I should add that some of the arrays being processed by the FFT are fairly large (e.g. a 278-by-68-by-32-by-56 complex double array). The code to simulate the problem lies becomes apparent when executing this:
% create large complex double array on the GPU (12GB card)
r = complex(gpuArray.randn([278, 68, 32, 56]), gpuArray.randn([278, 68, 32, 56]));
% this already allocates more than I would assume from (16 * numel(r))…?
% run an inverse FFT over dim 1
ri = ifft(r, [], 1);
% this then allocates a whopping additional 4GB of GPU memory — WTF?
% trying to free memory
clear ri;
% no GPU memory freed
clear r;
% about 1.2 GB freed
When I began to debug this problem, I found the following, using this simple line
fft(complex(gpuArray.randn([4, 1]), gpuArray.randn([4,1])));
frees almost all of the additionally (superfluously?) allocated memory, and my strong hunch is that this is some internal buffer of the FFT library.
So, the question is: can I–or even should I–(safely) add this to my code in strategic places to free up GPU memory (for other, non-FFT related functions!). I'm asking in particular because I want to run two or three instances of MATLAB on the same machine (same GPU) but otherwise always run into out-of-memory (unexpected) errors when making calls to the FFT library functions…

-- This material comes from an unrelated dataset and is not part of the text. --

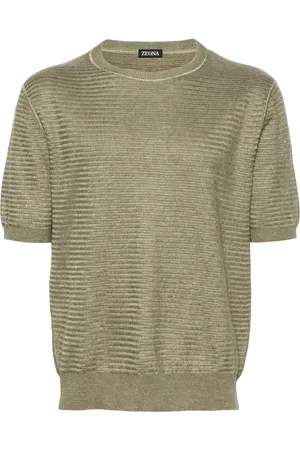 Ermenegildo Zegna Short-sleeve ribbed-knit T-shirt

Thanks a lot in advance! /jochen

Best Answer

What version of MATLAB are we talking about here? And how are you determining whether memory was freed or not?

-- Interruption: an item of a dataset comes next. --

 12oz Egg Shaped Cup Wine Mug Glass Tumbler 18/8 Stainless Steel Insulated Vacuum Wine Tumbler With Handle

R2014a and earlier report 'FreeMemory' as a property of gpuDevice. This just tells you how much memory on the device isn't assigned to MATLAB. In R2014b we changed this to 'AvailableMemory', this tells you how much space there is on device plus how much space there is left in the memory pool. You see, MATLAB maintains a memory pool, so as you allocate more and more memory on the device, it won't be released, it'll be kept in the pool. So you won't see a reduction in 'FreeMemory' when you clear variables. Unless you force it to be released by calling reset(gpuDevice).

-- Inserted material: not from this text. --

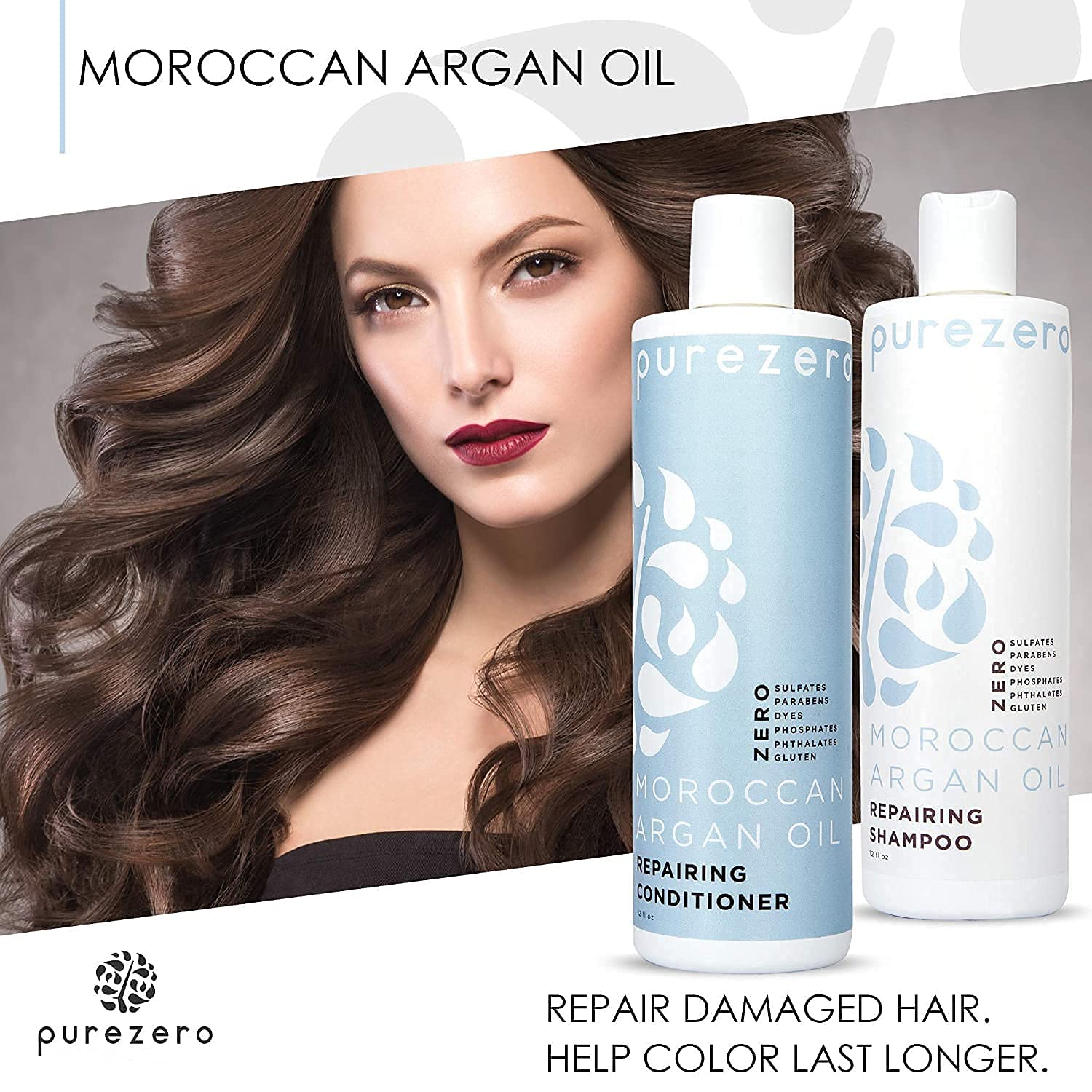 Purezero ingredients swatch highlights clean vegan formulation.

The purpose is to help keep things fast - if you're going to be doing more inverse FFTs on arrays this size, for instance, you'll get a speed-up by not having to wait for the memory to be allocated again.
The problem is if you want to use multiple instances of MATLAB to access the same GPUDevice. One MATLAB may end up hogging all the memory, so there isn't any available to the other MATLABs. You can get help with this using an advanced feature. Restrict the allowed size of your memory pool using this code:
>> feature('GpuAllocPoolSizeKb', X);
where X is the desired pool size in Kb. You can set it to 0 to switch off the pool. Use -1 to return it to the default.
This doesn't completely solve the problem. MATLAB can only free GPU memory while it's performing other memory operations. So, ironically, even with a pool size of zero you may find that memory is only freed up when you create a new array. This gives PCT the opportunity to clean up the memory being held by out-of-scope gpuArrays. To get round this you may find it useful to create the odd dummy gpuArray of small size.
None of this may really help you, depending on what you're trying to do. Ultimately, the FFT and IFFT do need that much working memory while they're computing.
Fortunately, your problem is easy to break down, since you have ND arrays. Just divide your input matrices into pieces.
Edit: To get good numbers from gpuDevice.AvailableMemory you should also try changing the allowed size of the FFT plan cache:
>> feature('GpuFftMaxStoredSizeKb', 0);
It turns out that for your unusual problem size, the estimate of the plan size that AvailableMemory uses is no good, and the plan size is unusually large (1.5Gb or so). So AvailableMemory doesn't realise that you have additional memory available. Don't worry - this would become available as soon as you tried to allocate, it's just the reporting that's wrong.